Alabama Port Signs Pact With Cuba

ABOVE Port Authority CEO Jimmy Lyons, right, shakes hands with Cuba’s Rene Rolando Fernandez de Lara Cabezas.
 

Southeastern U.S. ports have been courting normalized Cuban trade for more than a decade, and that continued last month, regardless of new management in the Oval Office, as the Alabama State Port Authority and the National Port Administration of Cuba signed a five-year, cooperative agreement.

The pact, signed at the Tampa Marriott Waterside Hotel in Florida, marks the first ports agreement signed on U.S. soil since 1959. Jimmy Lyons, CEO of the Alabama State Port Authority, and Rene Rolando Fernandez de Lara Cabezas, director of Inland Waterway and Sea Transport of the Republic of Cuba Ministry of Transportation, acknowledged mutual interest in facilitating trade growth and promoting all water carrier services between Asia, Europe, Latin America and the U.S. Gulf Coast.

“We are seeing increasing demand for normalized trade between the United States and Cuba, and it is our goal to foster relationships between the ports and their maritime communities to further changes in U.S. Cuban trade policy and facilitate improved ocean carriage services to the benefit of our shippers, ” Lyons says.

- Sponsor -

U.S.-sanctioned trade between Alabama and Cuba principally involves poultry and forest products. Cuba and Mobile will now conduct port and cargo marketing studies and strategies, engage in promotion and exhibition activities and share data to the mutual benefit of their respective seaports as allowed under governing law in both countries.

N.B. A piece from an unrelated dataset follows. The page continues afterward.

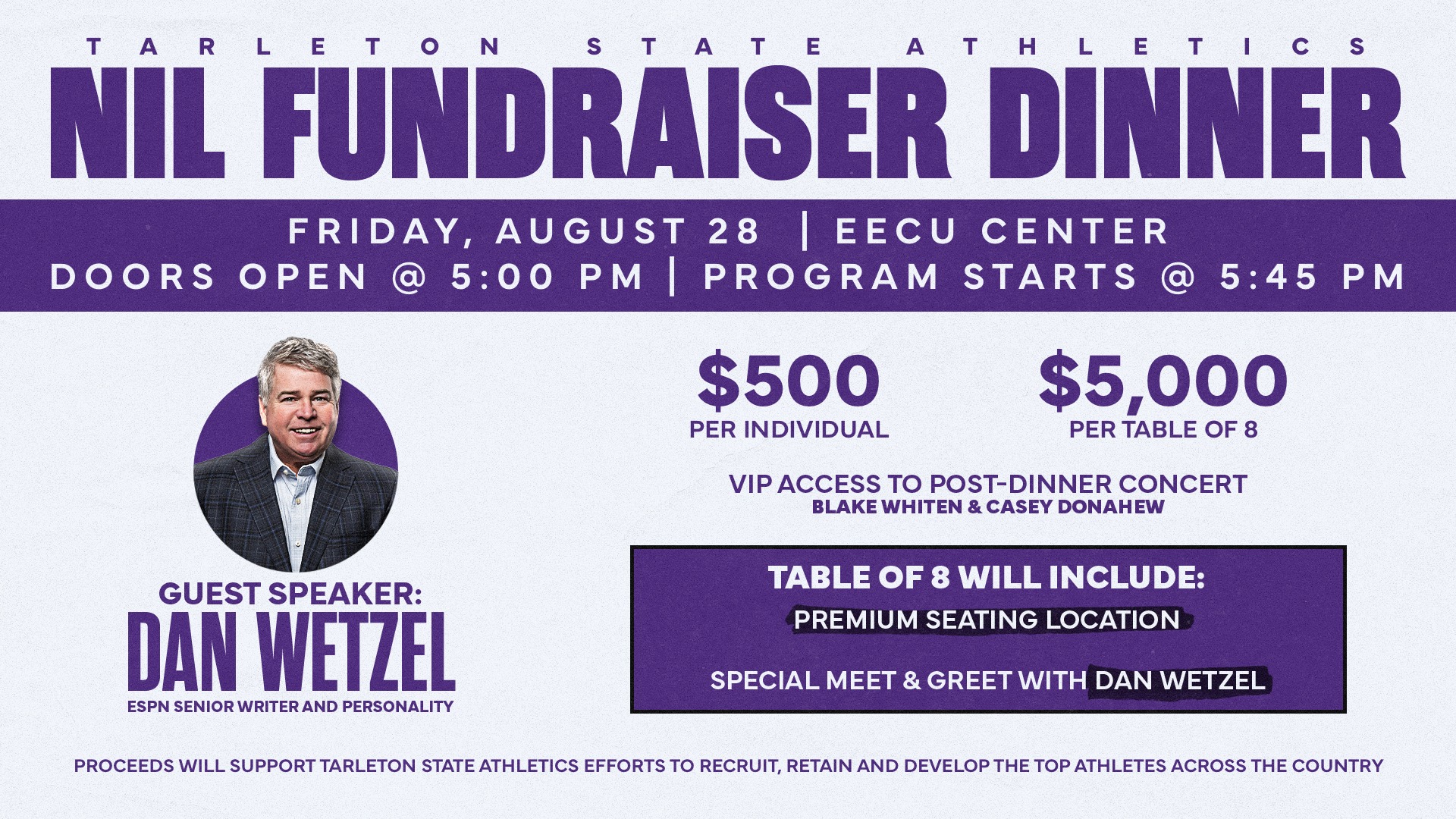 Tarleton State Athletics Will Host an NIL Fundraiser Dinner on Aug. 28, 2026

In October 2016, the U.S. Treasury Office of Foreign Assets Control eased the rule that prohibits a vessel that calls on Cuba from entering a U.S. port within 180 days of its departure from Cuba. Ocean carriers engaged in sanctioned trade between Cuba and the United States can take advantage of the 180-day rule waiver and ships originating from worldwide ports and transiting through Cuba can take advantage of the waiver as long as the carrier does not load non-sanctioned cargoes bound for the U.S.

ZIM Integrated Shipping Ltd provides bookings between the Port of Mobile and the Port of Mariel, Cuba.